After being not so positive towards Microsoft last week, here’s something to be optimistic about:
Daniel Simmons from the Entity Framework team has a post up about fitting “Persistence Ignorance” (PI) into the Entity Framework release plan. I’m happy, but I really do wish there was just a little more representation from the Agile development community inside Microsoft itself so these issues would get more consideration earlier in the tool lifecycles (no I’m not shilling for the job, my wife wants to stay on the East coast now).
Unsurprisingly, Ayende has some good thoughts right off the bat: Persistence Ignorance in the Entity Framework.
My two cents
Yes, PI might be a little bit of a performance drag, but I’m more than willing to take that hit in exchange for better development productivity. Extreme performance requirements always leads to approaches that I really wouldn’t consider otherwise. I also don’t think it’s going to be that bad, especially since the EF uses emitted classes for transferring data between ADO.Net structures and CLR classes instead of reflection.

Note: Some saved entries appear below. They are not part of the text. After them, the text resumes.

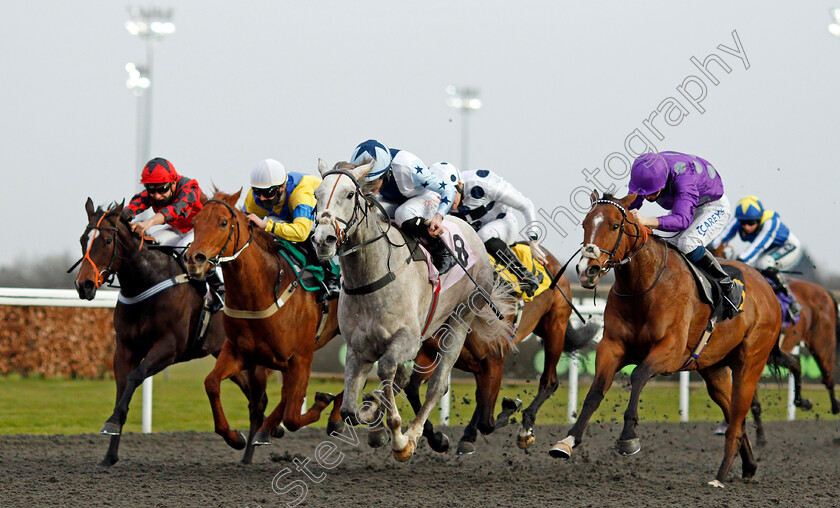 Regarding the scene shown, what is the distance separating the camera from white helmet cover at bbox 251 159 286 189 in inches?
194

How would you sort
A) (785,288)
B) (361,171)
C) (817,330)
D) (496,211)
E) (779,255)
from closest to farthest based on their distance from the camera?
(361,171)
(496,211)
(785,288)
(779,255)
(817,330)

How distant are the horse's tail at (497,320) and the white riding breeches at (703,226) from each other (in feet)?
3.20

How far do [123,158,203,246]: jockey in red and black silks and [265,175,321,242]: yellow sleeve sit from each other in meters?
0.54

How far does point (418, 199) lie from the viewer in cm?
450

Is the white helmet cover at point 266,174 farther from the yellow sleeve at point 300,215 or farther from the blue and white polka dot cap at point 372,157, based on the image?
the blue and white polka dot cap at point 372,157

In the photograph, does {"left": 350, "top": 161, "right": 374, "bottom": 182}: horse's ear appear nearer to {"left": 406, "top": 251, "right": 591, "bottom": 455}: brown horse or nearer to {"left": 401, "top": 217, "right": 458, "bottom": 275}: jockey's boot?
{"left": 401, "top": 217, "right": 458, "bottom": 275}: jockey's boot

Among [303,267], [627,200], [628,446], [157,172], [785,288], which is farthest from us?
[785,288]

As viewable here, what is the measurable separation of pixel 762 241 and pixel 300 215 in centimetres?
446

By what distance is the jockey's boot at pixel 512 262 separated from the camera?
537 cm

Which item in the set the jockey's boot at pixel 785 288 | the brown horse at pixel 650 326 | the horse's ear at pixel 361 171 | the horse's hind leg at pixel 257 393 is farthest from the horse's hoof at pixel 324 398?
the jockey's boot at pixel 785 288

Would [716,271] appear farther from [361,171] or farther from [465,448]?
[361,171]

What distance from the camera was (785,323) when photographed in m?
7.72

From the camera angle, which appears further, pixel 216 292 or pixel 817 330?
pixel 817 330

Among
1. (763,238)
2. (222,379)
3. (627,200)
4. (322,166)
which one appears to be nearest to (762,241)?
(763,238) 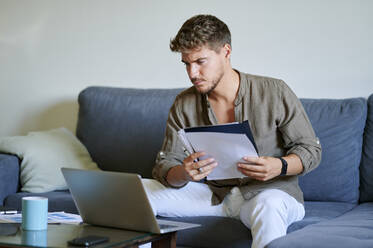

There’s another concern that change tracking becomes more difficult with a PI solution. Frans Bouma had a post a little while back on why he thought change tracking “had” to be part of the entities themselves. He makes a well reasoned case, but I still disagree for the majority of systems (I think I’d only buy his argument for database tables with large numbers of columns and/or extreme performance requirements). The main reason I disagree with Frans is that I’m frankly more worried about a clean separation of concerns and testability than I am about pure performance. I don’t want to have persistence related “noise” code in my business logic classes. It’s not just because it violates strict separation of concerns, it’s because it can easily make the business code harder to understand and change. I definitely don’t want to write change tracking code by hand. Lastly, I definitely don’t want to have to codegen my business classes just because it’s a convenient way to bake in all the persistence code. I want to use evolutionary design techniques because I think that’s more effective and efficient than heavy upfront design. Code generation can easily do more than harm in terms of doing evolutionary design, plus I think it encourages an Anemic Domain Model. Having PI goes a long, long way towards reducing friction in evolutionary design.
As for change tracking itself, I personally prefer a Unit of Work approach anyway rather than having “IsNew/IsDirty/Deleted” cruft in my domain model classes. To me, having to explicitly say what objects are changed, new, and deleted is actually a good thing. It makes the code relatively easy to understand and debug. Transaction boundaries become significantly easier to test because all you have to do is simply check the contents of the Unit of Work. This might be a personal preference thing, but I want transaction boundaries to be explicit (and easy to test).
Now a challenge to both Frans and the EF team, can you find a way to bake in the change tracking to an entity without it being the slightest bit obtrusive? I’m wondering if there’s an opportunity to do some sort of IL weaving to push that stuff in after the fact and make both of us happy.
Why I want Persistence Ignorance
- As Udi Dahan pointed out on Daniel’s blog, it starts with the Domain Model pattern as a desirable way to organize business logic. You can certainly do a Domain Model approach with even an intrusive Active Record approach, but I think it’s easier to manage with fullblown PI.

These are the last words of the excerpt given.